• [What to produce]: Leave out the pictures and output exactly the lines below from the one with "Oct 2, 2016;" down to the one with "Shearling Bomber Leather Jacket Aviator", both of them included.

• [Material for the task]:
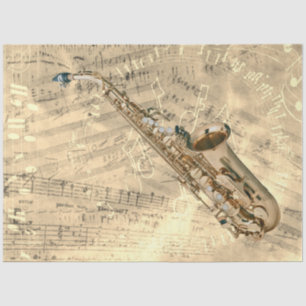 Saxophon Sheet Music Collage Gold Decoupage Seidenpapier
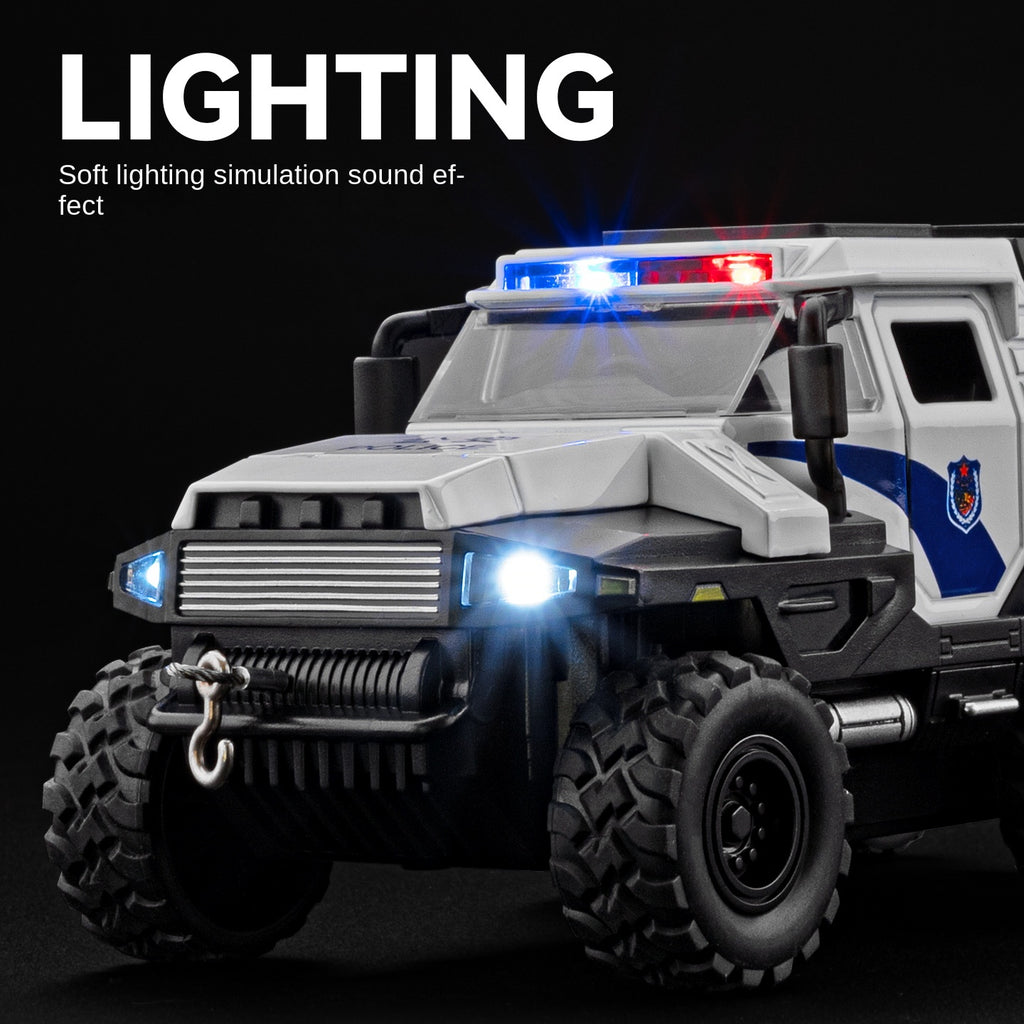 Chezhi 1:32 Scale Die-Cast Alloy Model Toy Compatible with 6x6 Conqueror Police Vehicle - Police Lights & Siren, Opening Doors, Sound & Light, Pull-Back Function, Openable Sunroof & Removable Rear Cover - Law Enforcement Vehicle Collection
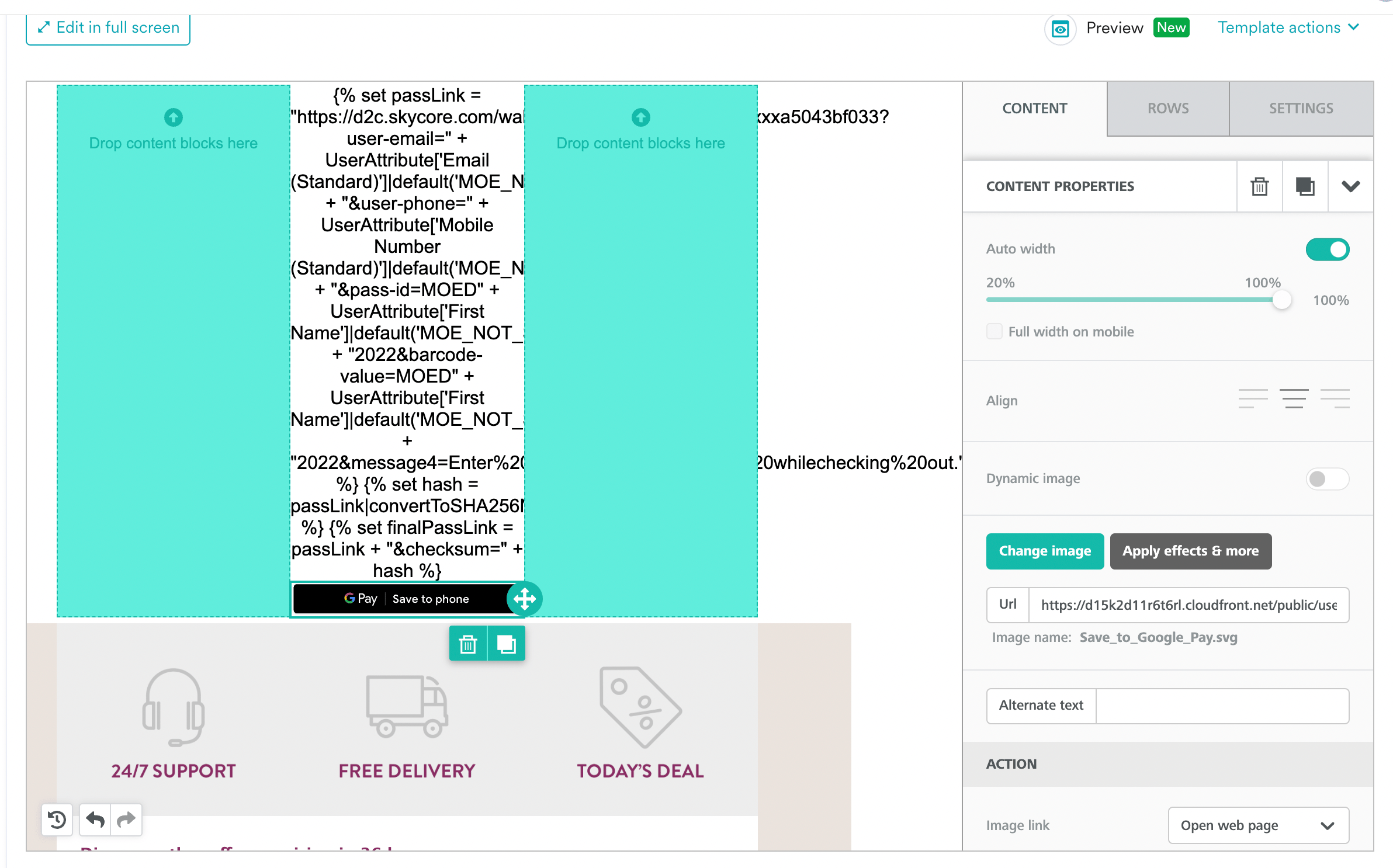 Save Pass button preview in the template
* * *
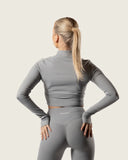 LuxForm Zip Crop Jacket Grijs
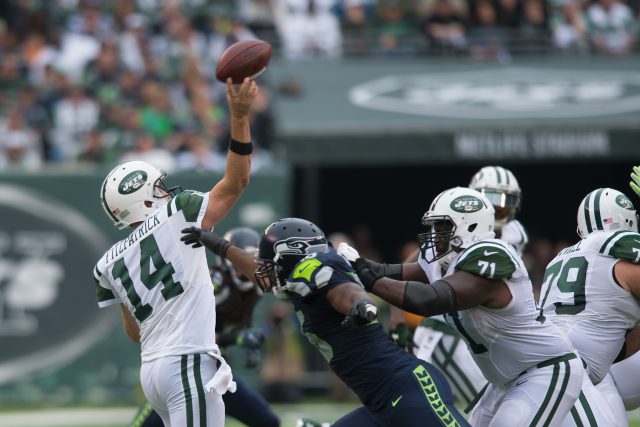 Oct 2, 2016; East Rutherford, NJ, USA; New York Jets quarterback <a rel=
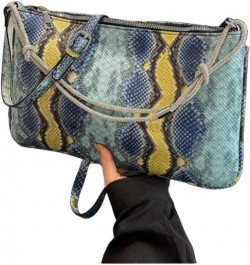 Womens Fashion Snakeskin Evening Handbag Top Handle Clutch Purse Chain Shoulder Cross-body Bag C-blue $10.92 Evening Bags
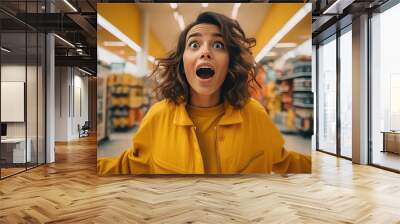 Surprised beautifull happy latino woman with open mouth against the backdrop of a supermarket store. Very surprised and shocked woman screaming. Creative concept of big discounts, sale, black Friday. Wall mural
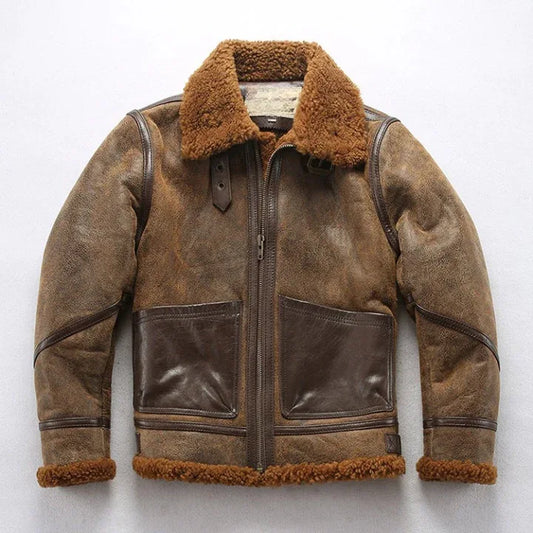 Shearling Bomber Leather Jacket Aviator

• [Response below]:
 Oct 2, 2016; East Rutherford, NJ, USA; New York Jets quarterback <a rel=
 Womens Fashion Snakeskin Evening Handbag Top Handle Clutch Purse Chain Shoulder Cross-body Bag C-blue $10.92 Evening Bags
 Surprised beautifull happy latino woman with open mouth against the backdrop of a supermarket store. Very surprised and shocked woman screaming. Creative concept of big discounts, sale, black Friday. Wall mural
 Shearling Bomber Leather Jacket Aviator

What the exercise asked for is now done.